Goal of the exercise: Please write out exactly the lines of the data below from the line holding "Ford Focus 1.0" through the line holding "Jogging Nike CR7 8 ans neuf", and leave out the rest.

Given data:
══════════════════════════════
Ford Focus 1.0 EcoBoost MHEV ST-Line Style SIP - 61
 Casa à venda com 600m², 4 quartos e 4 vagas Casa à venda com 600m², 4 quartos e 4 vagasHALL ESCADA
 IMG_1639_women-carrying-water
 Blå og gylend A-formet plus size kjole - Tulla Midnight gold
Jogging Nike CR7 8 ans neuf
══════════════════════════════
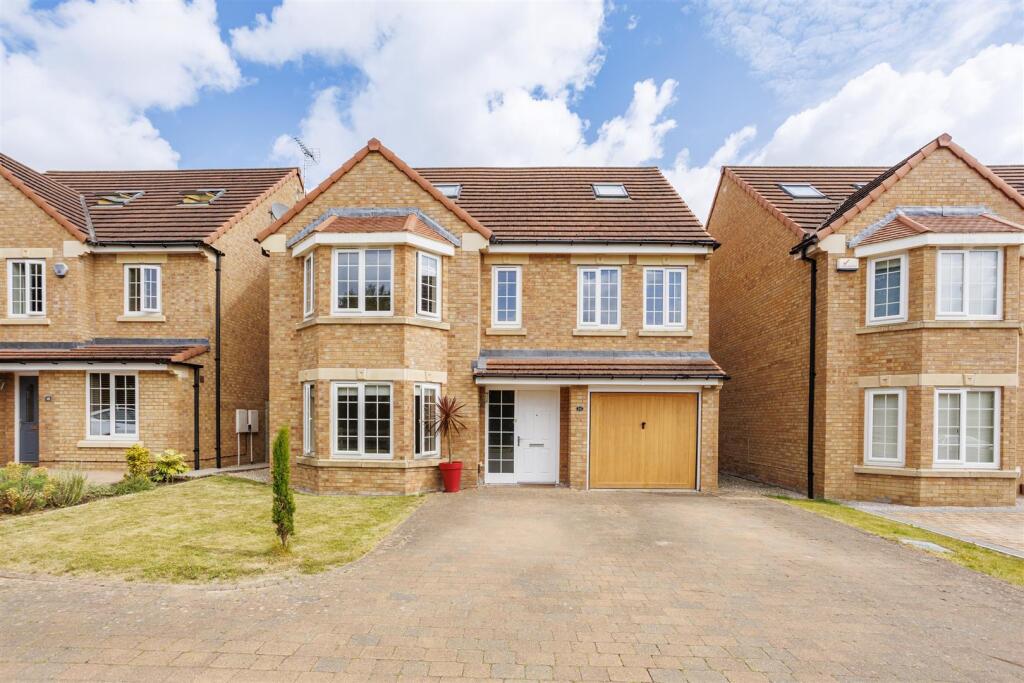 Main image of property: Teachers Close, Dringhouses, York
══════════════════════════════
Solution to this exercise:
Ford Focus 1.0 EcoBoost MHEV ST-Line Style SIP - 61
 Casa à venda com 600m², 4 quartos e 4 vagas Casa à venda com 600m², 4 quartos e 4 vagasHALL ESCADA
 IMG_1639_women-carrying-water
 Blå og gylend A-formet plus size kjole - Tulla Midnight gold
Jogging Nike CR7 8 ans neuf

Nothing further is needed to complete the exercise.